#### YOUR GOAL
Write out, exactly and in full, the records given below, but not their pictures.

═══

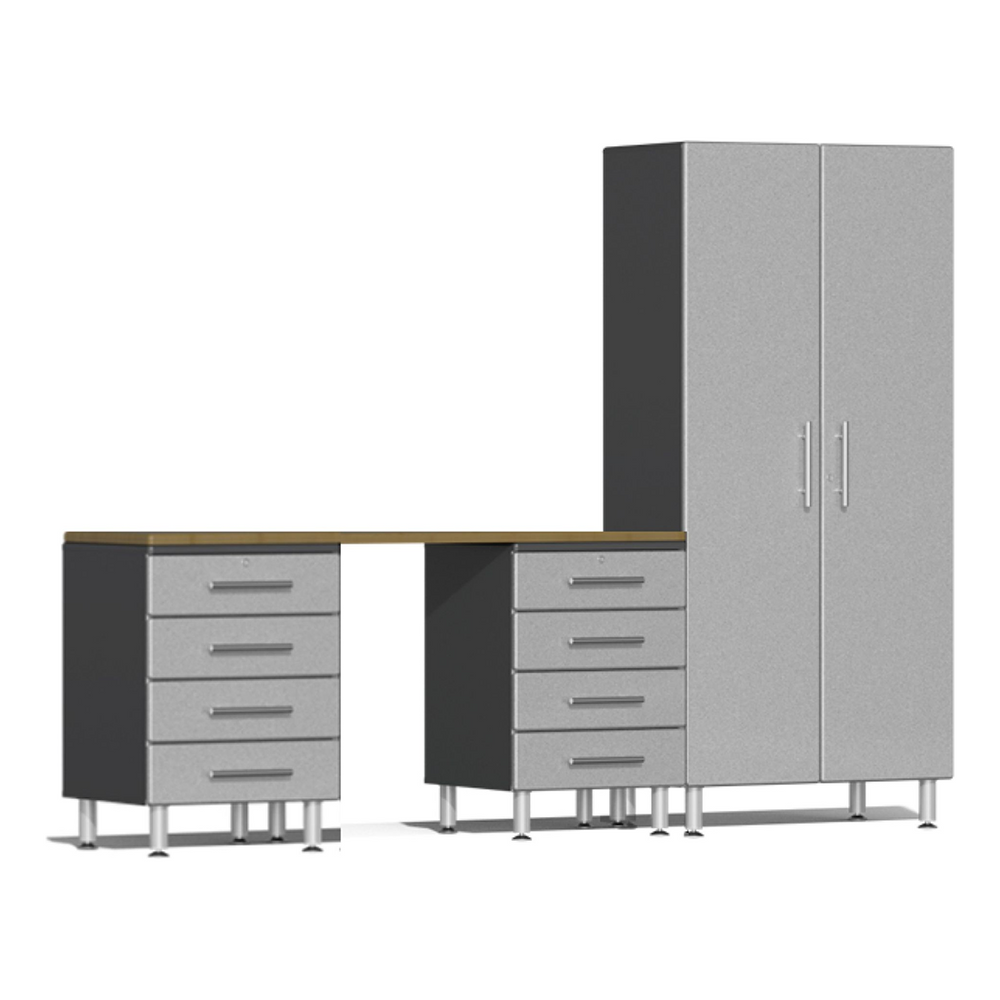 Ulti-MATE Garage 4-Piece Cabinet System with Bamboo Worktop in Stardust Silver Metallic | UG20942S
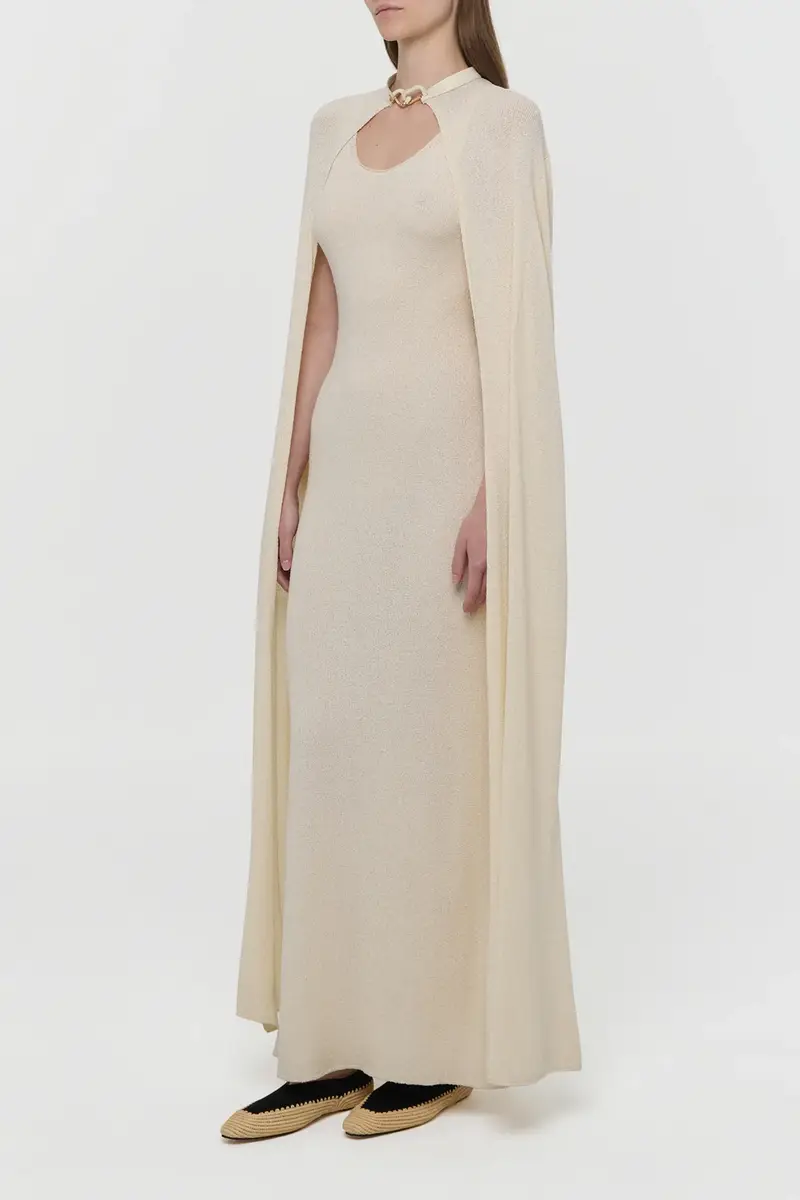 Gabriela Hearst Laleh Knit Cape in Off White Mulberry Silk | Thumbnail 6
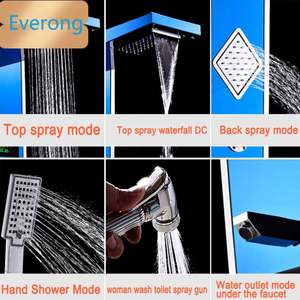 A buon mercato bagno intelligente a temperatura costante LED doccia doccia doccia più modalità di spruzzo d'acqua e SPA pannello doccia - Product Image 5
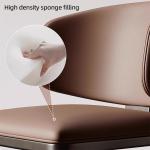 Simple Home Dining Chairs Modern Soft Leather Cafe Chair with Curved Backrest Comfy Steel Leg Kitchen Living Room Dinner Chair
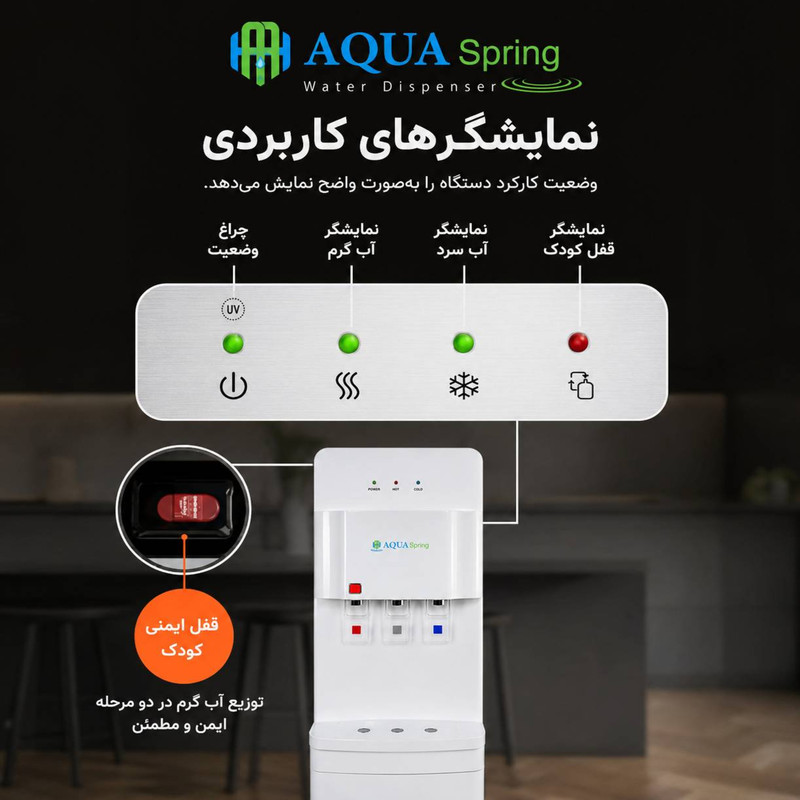 آبسردکن اچ ام مدل مکانیزم دو گانه آکوااسپرینگ با تصفیه آب HM_NEW7700A_92+RO 
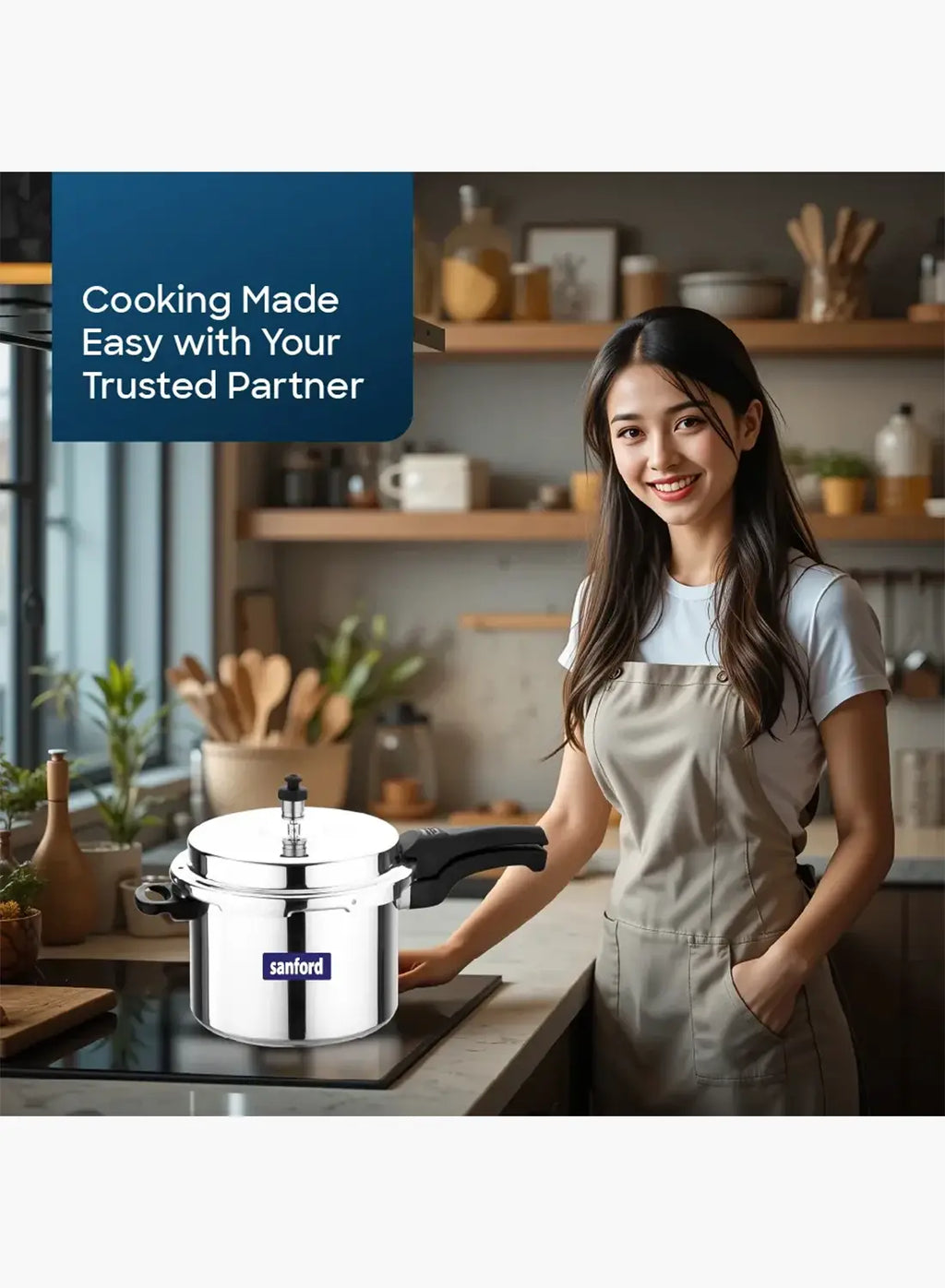 Sanford SF3254PC Aluminium Pressure Cooker 7.5L | Induction Base | Dual Safety Valve | Heavy Duty Cooker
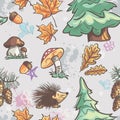 Seamless texture with the image of funny little animals, trees, fungi Royalty Free Stock Photo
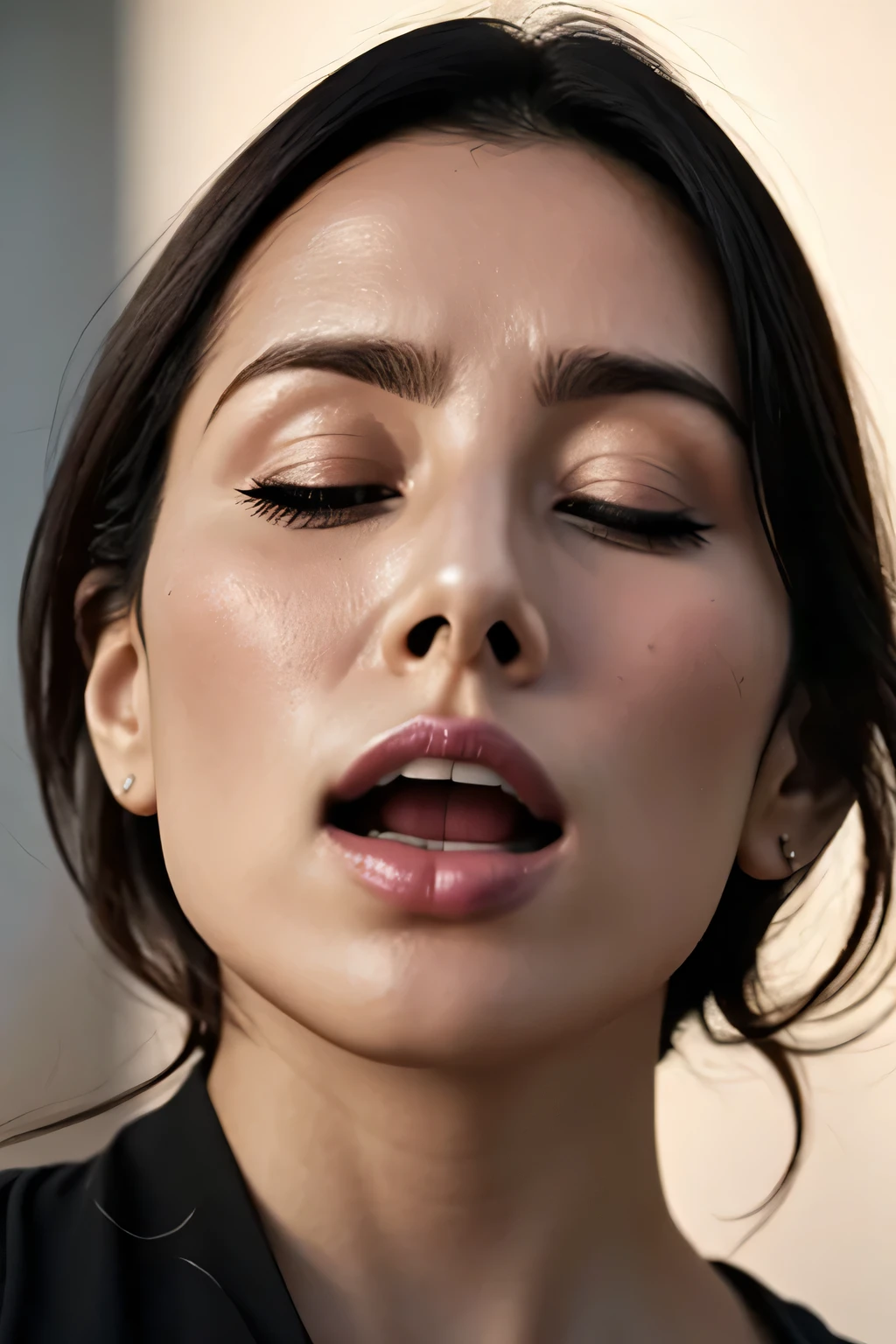 Pieces fly,Award-winning photo, Very detailed, Edge Orgasm, Woman with open mouth and closed eyes , Sweaty skin、Lighting that highlights shiny sweat{{{Spread the word }}}, Black Hair、Browsing Caution,{{{{Crowd of male spectators}}}},(Long, narrow nostrils)、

═══

#### EXPECTED OUTPUT
 Ulti-MATE Garage 4-Piece Cabinet System with Bamboo Worktop in Stardust Silver Metallic | UG20942S
 Gabriela Hearst Laleh Knit Cape in Off White Mulberry Silk | Thumbnail 6
 A buon mercato bagno intelligente a temperatura costante LED doccia doccia doccia più modalità di spruzzo d'acqua e SPA pannello doccia - Product Image 5
 Simple Home Dining Chairs Modern Soft Leather Cafe Chair with Curved Backrest Comfy Steel Leg Kitchen Living Room Dinner Chair
 آبسردکن اچ ام مدل مکانیزم دو گانه آکوااسپرینگ با تصفیه آب HM_NEW7700A_92+RO 
 Sanford SF3254PC Aluminium Pressure Cooker 7.5L | Induction Base | Dual Safety Valve | Heavy Duty Cooker
 Seamless texture with the image of funny little animals, trees, fungi Royalty Free Stock Photo
 Pieces fly,Award-winning photo, Very detailed, Edge Orgasm, Woman with open mouth and closed eyes , Sweaty skin、Lighting that highlights shiny sweat{{{Spread the word }}}, Black Hair、Browsing Caution,{{{{Crowd of male spectators}}}},(Long, narrow nostrils)、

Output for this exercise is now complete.